[Task brief] Below are some records; quote exactly the lines from the one that contains "Wet street during rain" through the one that contains "Trenó de cães", inclusive, and no others.

--- Provided data ---

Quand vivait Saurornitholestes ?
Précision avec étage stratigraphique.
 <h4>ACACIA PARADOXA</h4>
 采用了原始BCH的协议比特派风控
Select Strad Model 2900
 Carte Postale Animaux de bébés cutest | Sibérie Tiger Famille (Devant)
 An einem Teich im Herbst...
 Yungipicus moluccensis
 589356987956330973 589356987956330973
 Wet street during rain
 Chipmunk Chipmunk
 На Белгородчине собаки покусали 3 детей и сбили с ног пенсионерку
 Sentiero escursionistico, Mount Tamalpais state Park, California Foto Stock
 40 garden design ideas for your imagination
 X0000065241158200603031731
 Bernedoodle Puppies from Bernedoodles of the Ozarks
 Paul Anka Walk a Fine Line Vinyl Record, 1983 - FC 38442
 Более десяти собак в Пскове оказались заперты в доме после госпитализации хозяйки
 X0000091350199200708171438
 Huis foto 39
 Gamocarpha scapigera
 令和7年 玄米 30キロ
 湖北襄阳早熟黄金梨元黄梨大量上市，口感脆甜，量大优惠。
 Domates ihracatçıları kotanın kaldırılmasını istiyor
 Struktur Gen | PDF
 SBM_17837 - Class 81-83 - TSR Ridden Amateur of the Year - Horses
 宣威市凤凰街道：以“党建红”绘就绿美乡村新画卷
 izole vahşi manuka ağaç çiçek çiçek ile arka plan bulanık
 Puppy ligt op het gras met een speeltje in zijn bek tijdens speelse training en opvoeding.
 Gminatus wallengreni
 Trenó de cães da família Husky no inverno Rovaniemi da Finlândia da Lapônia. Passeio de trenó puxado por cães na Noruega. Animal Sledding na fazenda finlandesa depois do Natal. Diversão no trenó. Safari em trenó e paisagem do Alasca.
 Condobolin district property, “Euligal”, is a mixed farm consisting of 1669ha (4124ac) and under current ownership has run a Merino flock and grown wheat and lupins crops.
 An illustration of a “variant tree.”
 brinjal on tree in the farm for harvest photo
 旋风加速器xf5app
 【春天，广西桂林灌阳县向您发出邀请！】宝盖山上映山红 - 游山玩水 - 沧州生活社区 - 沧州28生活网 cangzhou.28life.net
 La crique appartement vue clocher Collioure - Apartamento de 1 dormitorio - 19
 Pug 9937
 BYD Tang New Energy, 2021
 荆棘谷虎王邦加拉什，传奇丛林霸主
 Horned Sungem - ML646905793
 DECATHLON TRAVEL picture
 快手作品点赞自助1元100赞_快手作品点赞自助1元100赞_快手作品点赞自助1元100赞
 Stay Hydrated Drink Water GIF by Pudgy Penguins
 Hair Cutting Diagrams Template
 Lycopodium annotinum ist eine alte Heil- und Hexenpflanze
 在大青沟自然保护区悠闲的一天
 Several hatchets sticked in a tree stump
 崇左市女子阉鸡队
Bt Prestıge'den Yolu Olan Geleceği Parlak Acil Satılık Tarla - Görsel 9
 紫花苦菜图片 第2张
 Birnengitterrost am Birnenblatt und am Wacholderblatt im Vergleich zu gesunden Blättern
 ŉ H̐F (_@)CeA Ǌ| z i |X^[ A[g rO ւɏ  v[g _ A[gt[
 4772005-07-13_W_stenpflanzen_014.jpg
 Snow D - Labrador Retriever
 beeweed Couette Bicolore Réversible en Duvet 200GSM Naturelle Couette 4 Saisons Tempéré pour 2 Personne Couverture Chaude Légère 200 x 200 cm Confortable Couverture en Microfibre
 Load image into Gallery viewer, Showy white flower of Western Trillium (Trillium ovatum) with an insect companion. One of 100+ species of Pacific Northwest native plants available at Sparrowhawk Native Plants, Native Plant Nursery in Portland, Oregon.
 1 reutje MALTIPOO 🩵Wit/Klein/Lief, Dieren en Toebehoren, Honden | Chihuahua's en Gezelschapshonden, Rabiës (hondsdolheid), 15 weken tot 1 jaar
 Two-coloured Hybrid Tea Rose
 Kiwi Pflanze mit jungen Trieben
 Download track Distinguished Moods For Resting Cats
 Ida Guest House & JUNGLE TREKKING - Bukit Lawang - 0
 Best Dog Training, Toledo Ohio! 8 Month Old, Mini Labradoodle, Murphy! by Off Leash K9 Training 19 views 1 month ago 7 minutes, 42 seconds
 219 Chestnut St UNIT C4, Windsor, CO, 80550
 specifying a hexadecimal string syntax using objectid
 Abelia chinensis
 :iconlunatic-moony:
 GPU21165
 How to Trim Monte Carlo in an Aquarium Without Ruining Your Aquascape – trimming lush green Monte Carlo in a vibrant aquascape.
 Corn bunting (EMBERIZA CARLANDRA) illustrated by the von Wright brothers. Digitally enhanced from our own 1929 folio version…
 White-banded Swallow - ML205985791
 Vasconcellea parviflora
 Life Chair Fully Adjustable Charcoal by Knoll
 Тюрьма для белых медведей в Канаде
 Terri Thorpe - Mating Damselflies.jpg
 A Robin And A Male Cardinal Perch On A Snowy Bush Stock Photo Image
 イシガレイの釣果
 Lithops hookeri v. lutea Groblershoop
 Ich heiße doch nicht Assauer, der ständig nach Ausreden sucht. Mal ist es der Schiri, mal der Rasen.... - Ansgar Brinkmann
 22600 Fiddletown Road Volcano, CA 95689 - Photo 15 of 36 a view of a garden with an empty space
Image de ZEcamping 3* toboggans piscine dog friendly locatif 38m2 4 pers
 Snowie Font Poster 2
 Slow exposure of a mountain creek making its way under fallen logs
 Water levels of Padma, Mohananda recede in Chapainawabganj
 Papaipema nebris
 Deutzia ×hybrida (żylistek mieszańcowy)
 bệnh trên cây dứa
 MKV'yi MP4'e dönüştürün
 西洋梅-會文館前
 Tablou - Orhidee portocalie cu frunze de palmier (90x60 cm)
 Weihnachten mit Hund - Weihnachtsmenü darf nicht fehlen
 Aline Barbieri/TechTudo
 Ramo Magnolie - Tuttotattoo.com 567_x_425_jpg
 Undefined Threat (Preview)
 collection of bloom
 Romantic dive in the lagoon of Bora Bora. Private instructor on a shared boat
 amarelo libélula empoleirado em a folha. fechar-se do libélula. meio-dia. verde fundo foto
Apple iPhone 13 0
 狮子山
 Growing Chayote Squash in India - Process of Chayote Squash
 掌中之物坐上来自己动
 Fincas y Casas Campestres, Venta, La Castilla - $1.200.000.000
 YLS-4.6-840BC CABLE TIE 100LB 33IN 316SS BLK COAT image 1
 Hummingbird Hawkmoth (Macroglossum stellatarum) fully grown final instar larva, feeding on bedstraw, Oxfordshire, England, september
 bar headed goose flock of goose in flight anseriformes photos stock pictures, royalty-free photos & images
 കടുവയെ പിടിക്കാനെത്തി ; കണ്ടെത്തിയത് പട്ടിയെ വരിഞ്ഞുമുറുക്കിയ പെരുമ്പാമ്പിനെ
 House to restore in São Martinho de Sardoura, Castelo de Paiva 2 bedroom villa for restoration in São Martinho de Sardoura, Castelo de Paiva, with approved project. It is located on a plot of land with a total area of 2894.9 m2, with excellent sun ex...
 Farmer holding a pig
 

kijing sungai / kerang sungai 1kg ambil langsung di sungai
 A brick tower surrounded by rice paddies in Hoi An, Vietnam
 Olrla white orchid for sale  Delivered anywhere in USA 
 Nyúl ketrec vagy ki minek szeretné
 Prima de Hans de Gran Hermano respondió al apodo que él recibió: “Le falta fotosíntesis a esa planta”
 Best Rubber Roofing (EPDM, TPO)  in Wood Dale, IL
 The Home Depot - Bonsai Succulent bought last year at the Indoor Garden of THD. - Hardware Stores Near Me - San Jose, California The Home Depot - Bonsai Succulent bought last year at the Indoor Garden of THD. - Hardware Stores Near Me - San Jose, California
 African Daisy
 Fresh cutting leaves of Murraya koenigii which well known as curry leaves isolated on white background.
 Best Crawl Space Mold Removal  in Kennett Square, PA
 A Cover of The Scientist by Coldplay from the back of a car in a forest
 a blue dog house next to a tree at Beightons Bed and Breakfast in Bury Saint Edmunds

---

[Answer section]
 Wet street during rain
 Chipmunk Chipmunk
 На Белгородчине собаки покусали 3 детей и сбили с ног пенсионерку
 Sentiero escursionistico, Mount Tamalpais state Park, California Foto Stock
 40 garden design ideas for your imagination
 X0000065241158200603031731
 Bernedoodle Puppies from Bernedoodles of the Ozarks
 Paul Anka Walk a Fine Line Vinyl Record, 1983 - FC 38442
 Более десяти собак в Пскове оказались заперты в доме после госпитализации хозяйки
 X0000091350199200708171438
 Huis foto 39
 Gamocarpha scapigera
 令和7年 玄米 30キロ
 湖北襄阳早熟黄金梨元黄梨大量上市，口感脆甜，量大优惠。
 Domates ihracatçıları kotanın kaldırılmasını istiyor
 Struktur Gen | PDF
 SBM_17837 - Class 81-83 - TSR Ridden Amateur of the Year - Horses
 宣威市凤凰街道：以“党建红”绘就绿美乡村新画卷
 izole vahşi manuka ağaç çiçek çiçek ile arka plan bulanık
 Puppy ligt op het gras met een speeltje in zijn bek tijdens speelse training en opvoeding.
 Gminatus wallengreni
 Trenó de cães da família Husky no inverno Rovaniemi da Finlândia da Lapônia. Passeio de trenó puxado por cães na Noruega. Animal Sledding na fazenda finlandesa depois do Natal. Diversão no trenó. Safari em trenó e paisagem do Alasca.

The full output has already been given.